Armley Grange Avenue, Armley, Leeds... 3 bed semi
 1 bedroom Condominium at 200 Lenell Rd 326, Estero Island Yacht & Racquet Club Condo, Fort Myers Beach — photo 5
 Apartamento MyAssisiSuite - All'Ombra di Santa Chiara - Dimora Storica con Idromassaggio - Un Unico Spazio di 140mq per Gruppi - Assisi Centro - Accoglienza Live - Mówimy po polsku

* Problem requirements: Retype all the data, changing nothing.

* Answer to this task:
Armley Grange Avenue, Armley, Leeds... 3 bed semi
 1 bedroom Condominium at 200 Lenell Rd 326, Estero Island Yacht & Racquet Club Condo, Fort Myers Beach — photo 5
 Apartamento MyAssisiSuite - All'Ombra di Santa Chiara - Dimora Storica con Idromassaggio - Un Unico Spazio di 140mq per Gruppi - Assisi Centro - Accoglienza Live - Mówimy po polsku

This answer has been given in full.